3. Voting and Dividends. The
Grantee may exercise full voting rights with respect to the
Restricted Shares, whether or not vested. Any dividends paid with
respect to the Restricted Shares prior to vesting of the Restricted
Shares shall be automatically deferred and accumulated by the
Company in a bookkeeping account, and shall be paid to the Grantee
in cash (without interest) only at such times as the underlying
Restricted Shares become vested in accordance with this Agreement,
with the Grantee’s right to payment of any such dividends
being subject to the same risk of forfeiture, restrictions on
transferability, and other terms of this Agreement as are the
Shares with respect to which the dividends otherwise were
payable.
4. Restriction on Transfer. The
Grantee may not transfer any of the Restricted Shares prior to the
applicable vesting date, except by the laws of descent and
distribution.
5. Tax Obligations.
(a) Tax
Consequences. The Grantee has reviewed with the
Grantee’s own tax advisors the federal, state, local and
foreign tax consequences of this Award. The Grantee is
relying solely on such advisors and not on any statements or
representations of the Company or any of its agents. The
Grantee understands that the Grantee (and not the Company) shall be
responsible for any tax liability that may arise as a result of the
transactions contemplated by this Agreement and the
Plan.
(b) Withholding
Taxes.
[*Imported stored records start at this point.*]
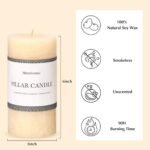 Set of 3 Unscented Ivory Pillar Candles - 3x6 Inch Hand-Poured, Long-Lasting, Smokeless Decor. - Image 5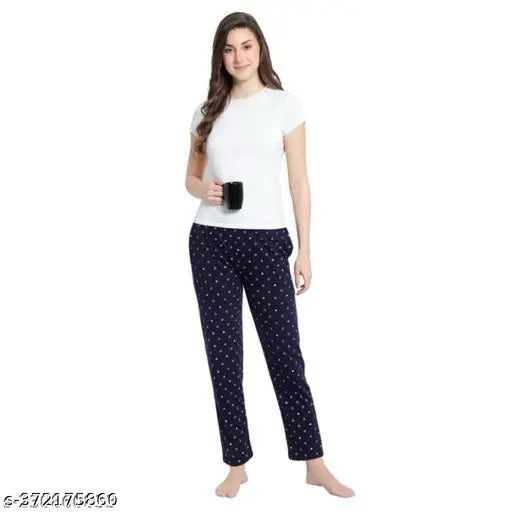 Blue cotton blend maxi length women's regular fit lower pyjama - stylish, breathable, and comfortable sleepwear
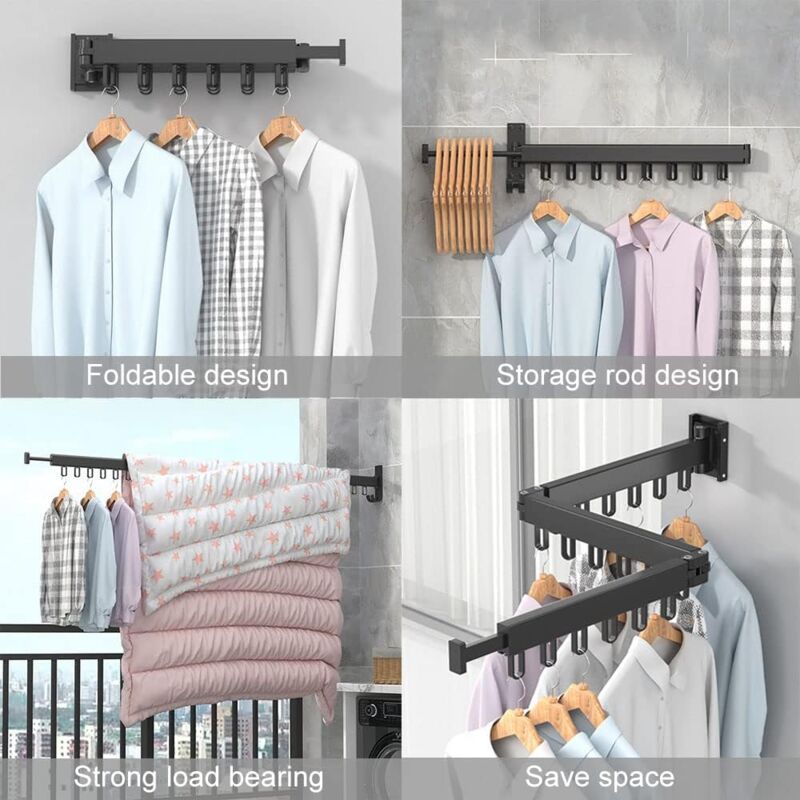 Lot De 2 Tringles à Vêtements Murales Pivotantes - Rotation 90°, Acier Carbone, 6 Trous - Pour Balcon, Buanderie, Salle De Bain - Avec Vis
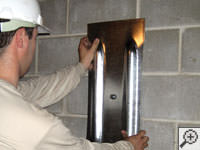 Mounting a foundation wall plate for an earth anchor installation in Lebanon .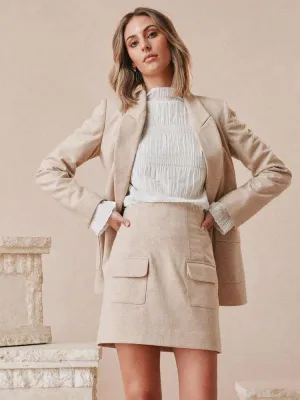 Sable Skirt Beige Wool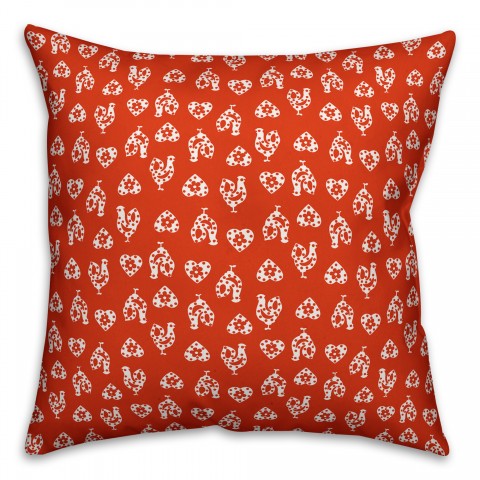Red Rooster Pattern Pillow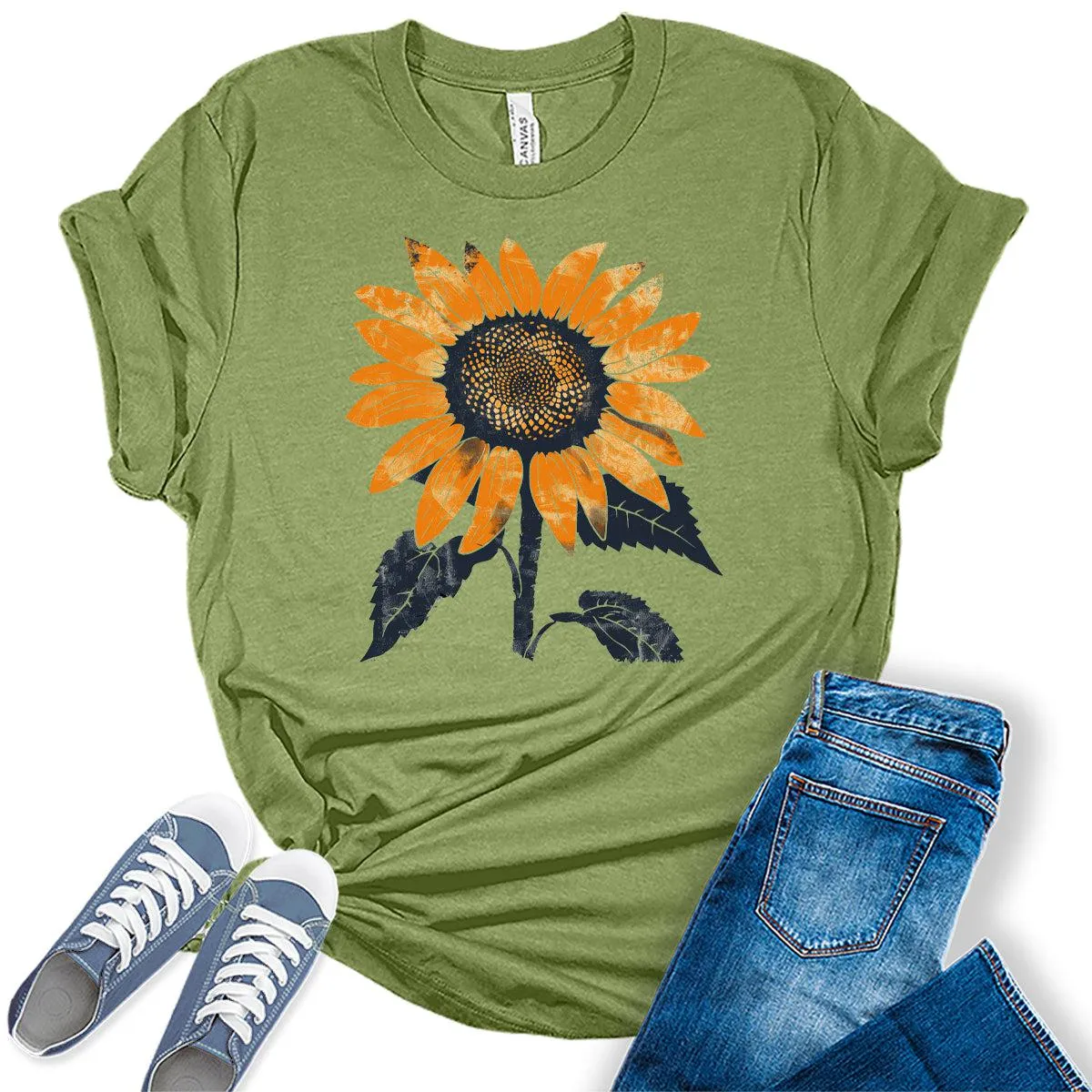 Womens Vintage Sunflower Shirt Floral Graphic Tees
The Grantee may satisfy any federal, state
or local tax withholding obligation relating to the grant or
vesting of Restricted Shares under this Agreement by any of the
following means (in addition to the Company’s right to
withhold from any compensation paid to the Grantee by the Company,
including withholding from any cash dividends paid in connection
with the vesting of Restricted Shares hereunder) or by a
combination of such means: (i) tendering a cash payment;
(ii) authorizing the Company to withhold Shares from the Restricted
Shares otherwise issuable to the Grantee under this Agreement;
provided, however, that no Shares are withheld with a value
exceeding the amount of tax required to be withheld by law based on
the maximum statutory tax rates in the applicable taxing
jurisdictions; or (iii) delivering to the Company owned and
unencumbered Shares. The Grantee agrees to make
appropriate arrangements with the Company for the satisfaction of
all federal, state, local and foreign income and employment tax
withholding requirements applicable to this Award.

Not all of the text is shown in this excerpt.